Exposées également, les planches des albums "Valérian" quelques années plus tard en 2014, à la bibliothèque d’Amiens.

Des collaborations, et le souvenir également, pour le directeur du festival d’Amiens, d’un homme doté d’une grande chaleur humaine, "c’était sa grande force, être à l’écoute, avec cette capacité à transformer les demandes qui lui étaient adressées, en quelque chose de solaire".

Un immense dessinateur dont Pascal Mériaux retient surtout, cette incroyable inventivité, pour des mondes qui n’existent pas. Comme une puissance de l’imaginaire à jamais assouvie.

Décédé dans la nuit du 23 janvier 2022 à l’âge de 83 ans, celui qui apparaissait comme avant-gardiste à ses débuts, à une époque où la science-fiction intéressait peu d’auteurs de bandes dessinées, laisse aujourd’hui les amoureux du 9ème art, orphelins.
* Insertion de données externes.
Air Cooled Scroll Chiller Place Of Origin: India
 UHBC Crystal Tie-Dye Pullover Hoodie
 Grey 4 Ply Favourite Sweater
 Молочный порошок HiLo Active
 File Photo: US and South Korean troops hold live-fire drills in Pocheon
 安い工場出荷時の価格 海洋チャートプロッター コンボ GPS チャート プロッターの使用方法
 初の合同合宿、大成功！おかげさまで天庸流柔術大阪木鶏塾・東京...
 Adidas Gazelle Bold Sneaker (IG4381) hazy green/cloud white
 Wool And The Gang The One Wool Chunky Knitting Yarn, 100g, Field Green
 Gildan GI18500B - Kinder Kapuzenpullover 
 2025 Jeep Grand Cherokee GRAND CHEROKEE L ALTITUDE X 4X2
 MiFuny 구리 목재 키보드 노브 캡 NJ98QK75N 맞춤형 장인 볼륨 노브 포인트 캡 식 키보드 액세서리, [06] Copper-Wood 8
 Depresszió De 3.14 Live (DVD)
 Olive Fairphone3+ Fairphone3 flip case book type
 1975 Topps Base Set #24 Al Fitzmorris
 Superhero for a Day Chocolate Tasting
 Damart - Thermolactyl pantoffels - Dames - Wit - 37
Le monde de la bande dessinée en deuil.

NB : après "22 albums", traduits dans "une vingtaine de langues", l’éditeur Dargaud propose une collection dans laquelle il invite des auteurs à revisiter l’histoire de "Valérian" et "Laureline" sous forme de one-shot. S’y sont déjà essayés Larcenet, Lauffray et Lupano.

Devrait paraître prochainement celui de la dessinatrice Virginie Augustin.